- [What to produce]: Would you repeat the listing exactly but omit every picture?

- [Listed records]:

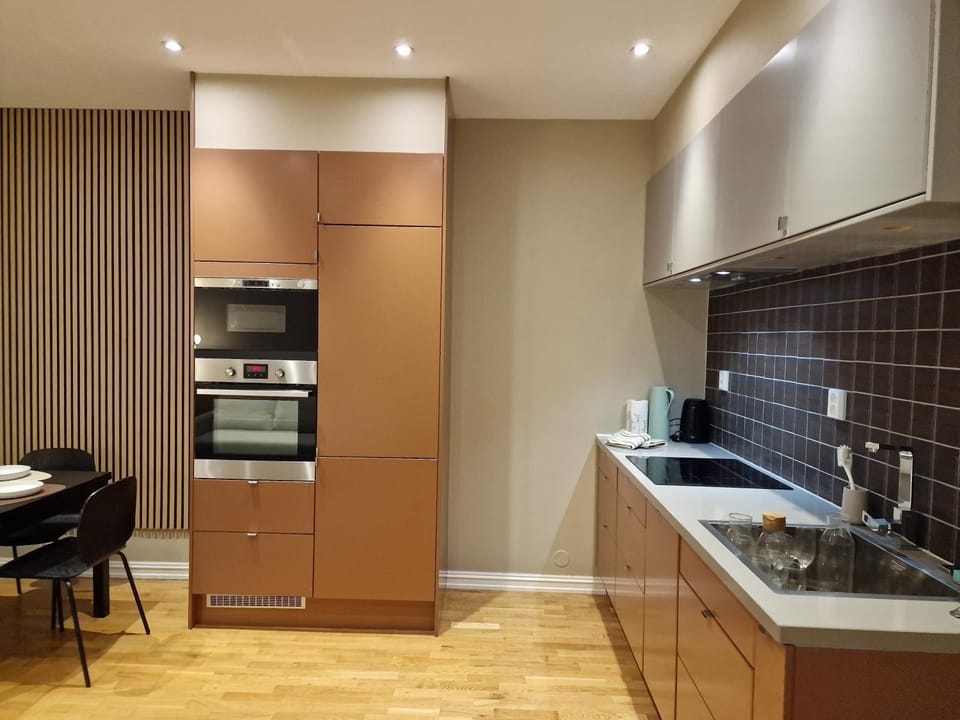 Kitchen or kitchenette, dishwasher, oven, stove
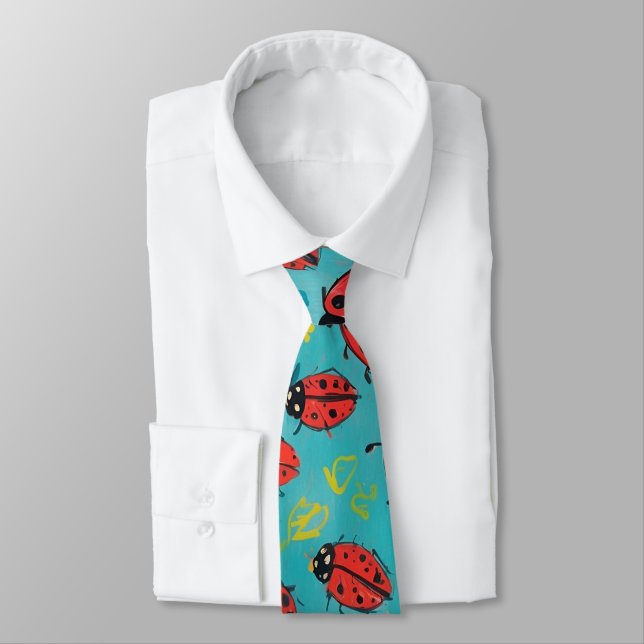 Scribbled Teal & Red Ladybug Pattern Neck Tie (Tied)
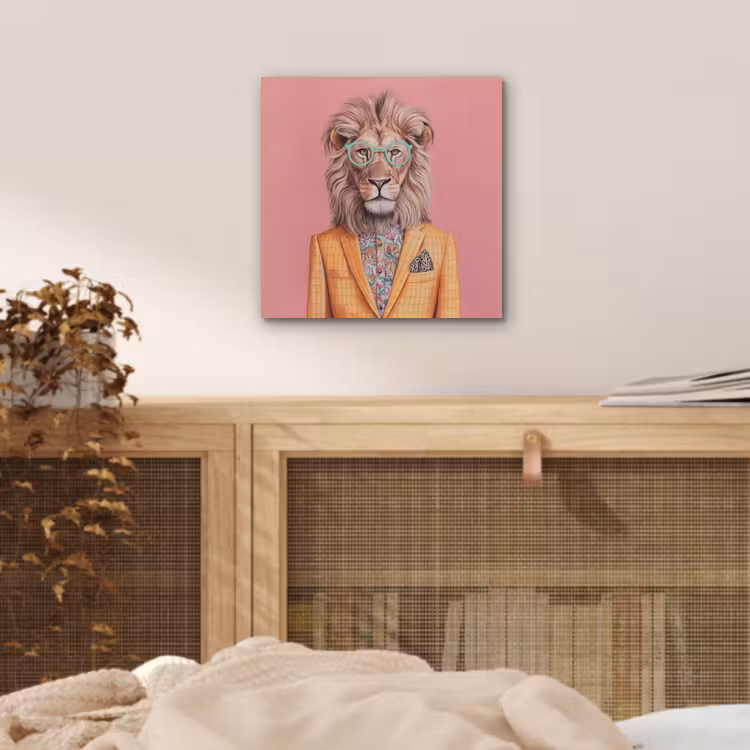Aluminium schilderij - Leeuw - Pak - Geruit - Bril — 4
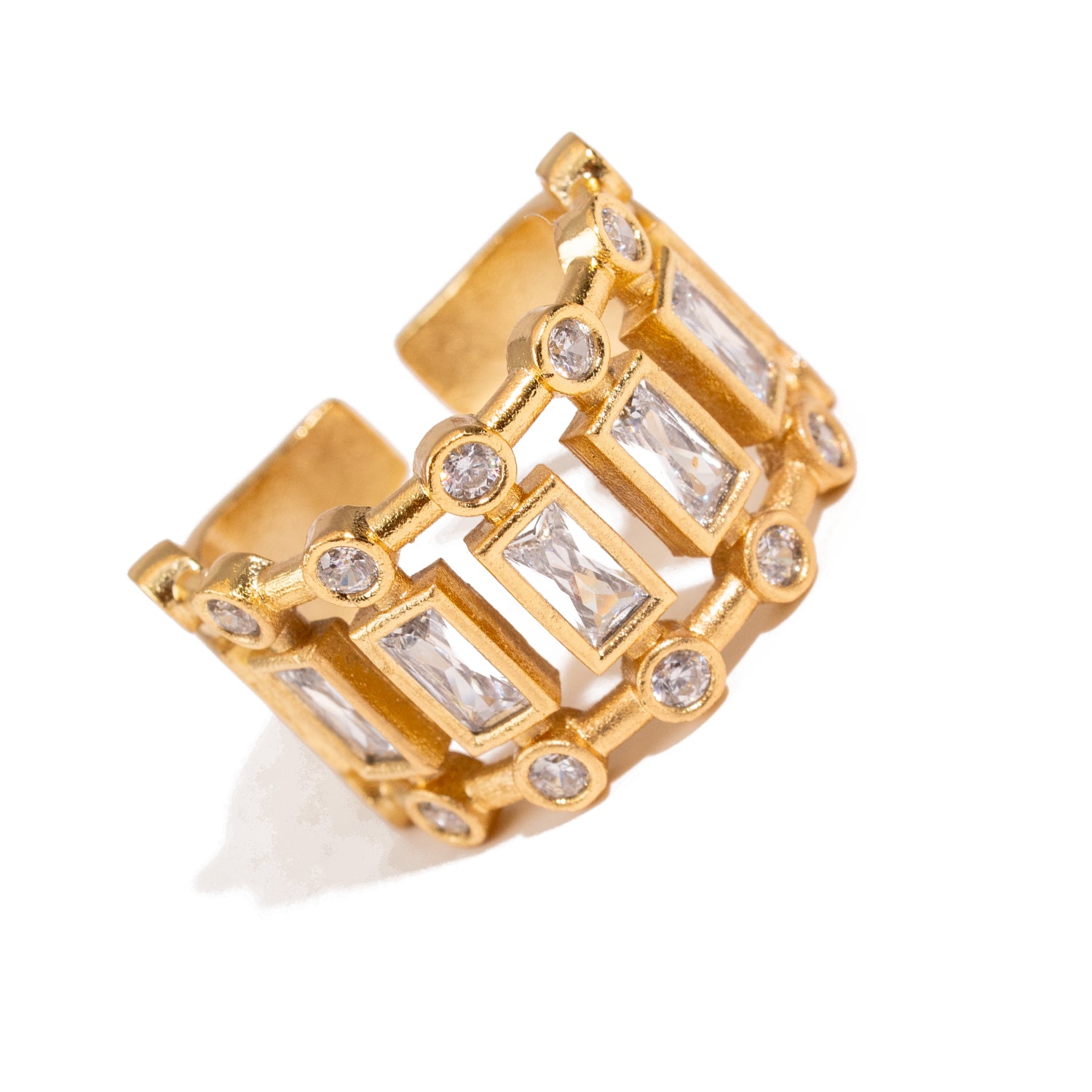 Radiant Majesty Diamond Gold Adjustable Cuff Ring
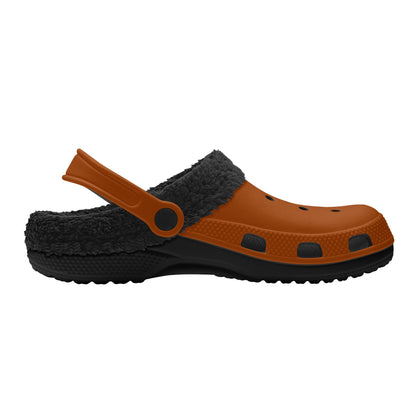 Adults Black Fur Interior Clogs (Brown)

- [Problem solution]:
 Kitchen or kitchenette, dishwasher, oven, stove
 Scribbled Teal & Red Ladybug Pattern Neck Tie (Tied)
Aluminium schilderij - Leeuw - Pak - Geruit - Bril — 4
 Radiant Majesty Diamond Gold Adjustable Cuff Ring
 Adults Black Fur Interior Clogs (Brown)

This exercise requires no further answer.